Question 5: On a graph paper, draw a horizontal line X’OX and a vertical line YoY’ as the x-axis and the y-axis respectively.

4x – 5y – 20 = 0 and 3x + 5y – 15 = 0

Solution:

Given equations are 4x – 5y – 20 = 0 and 3x + 5y – 15 = 0

Graph of 4x – 5y – 20 = 0:

4x – 5y – 20 = 0 \( \Rightarrow y = \frac{4x – 20}{5} \)

Putting x = 0, we get y = -4

Putting x = 5, we get y = 0

Putting x = 10, we get y = 4

Hence, the table is:

x 0 5 10
y -4 0 4

Plot the points A(0, -4), B(5, 0) and C(10, 4) on the graph paper.

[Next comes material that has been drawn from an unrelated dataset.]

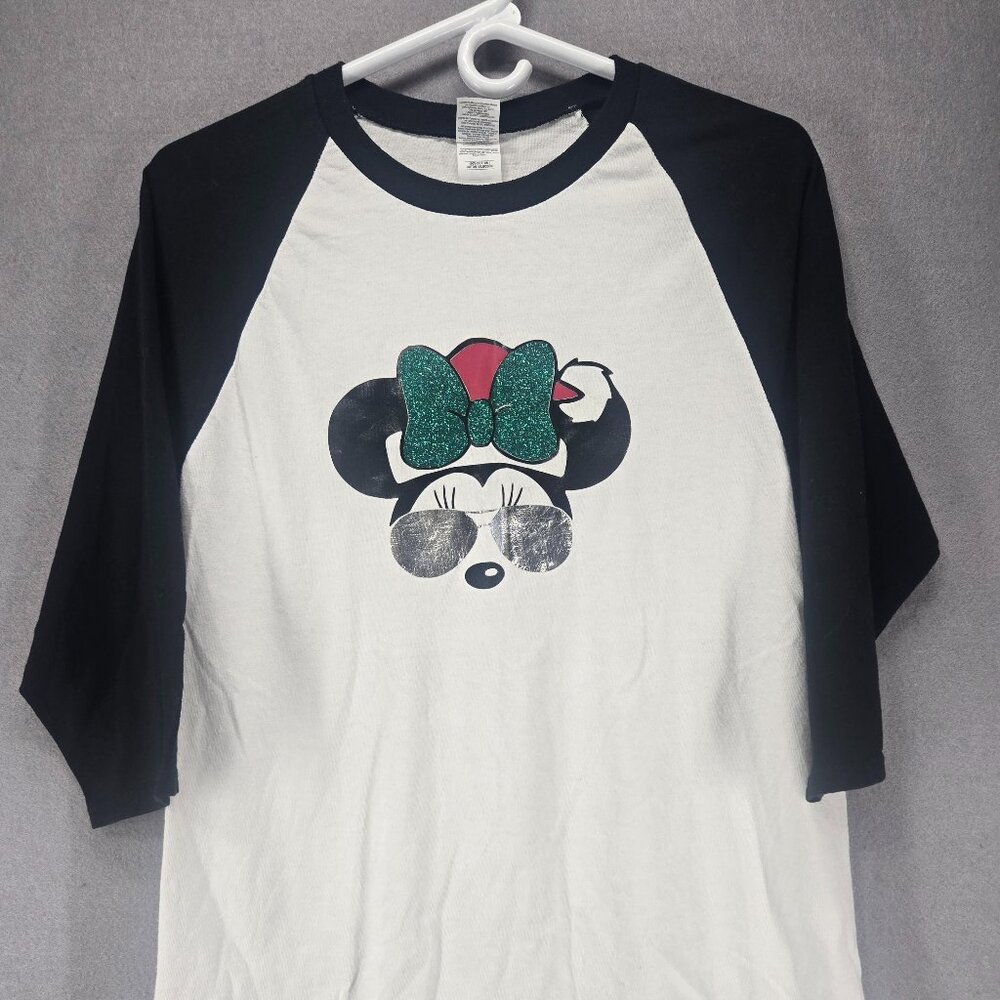 Minnie Mouse Christmas Graphic Raglan T-shirt, 3/4 sleeve, Women's Medium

Join AB and BC to get the graph line AC. Extend it both ways.

Thus, line AC is the graph of 4x – 5y – 20 = 0.

Graph of 3x + 5y – 15 = 0:

3x + 5y – 15 = 0 \( \Rightarrow y = \frac{-3x + 15}{5} \)

Putting x = 5, we get y = 0

Putting x = 0, we get y = 3

Putting x = -5, we get y = 6

Hence, the table is:

x 5 0 -5
y 0 3 6

Now, on the same graph paper as above plot the points P(0, 3) and Q(-5, 6). The point B(5, 0) has already been plotted. Join PQ and PB to get the line QB.

https://lh4.googleusercontent.com/cX1guxswgqyV35OnynQbmfhmX5L93PwSPAbsJsKU4i4ns1kn3vWuRGCeSro-ur5kjLoRCJTm13FkvsD6s3I4glgnKsqeP28m_3bwd60tzpxAR3ozFIQZN1JVv-bk-FO-Jb4niFUu

Thus, line QB is the graph of 3x + 5y – 15 = 0. The two graph lines intersect at B(5, 0).

Hence, x = 5, y = 0 is the solution of the given system of equations.

Clearly, the vertices of \( \Delta PBA \) formed by these lines and the y-axis are A(0, -4), B(5, 0) and P(0, 3).

Question 6: On a graph paper, draw a horizontal line X’OX and a vertical line YoY’ as the x-axis and the y-axis respectively.

4x – 3y + 4 = 0,

4x + 3y – 20 = 0

Solution:

Given equations are 4x – 3y + 4 = 0 and 4x + 3y – 20 = 0

Graph of 4x – 3y + 4 = 0:

4x – 3y + 4 = 0 \( \Rightarrow y = \frac{4x + 4}{3} \)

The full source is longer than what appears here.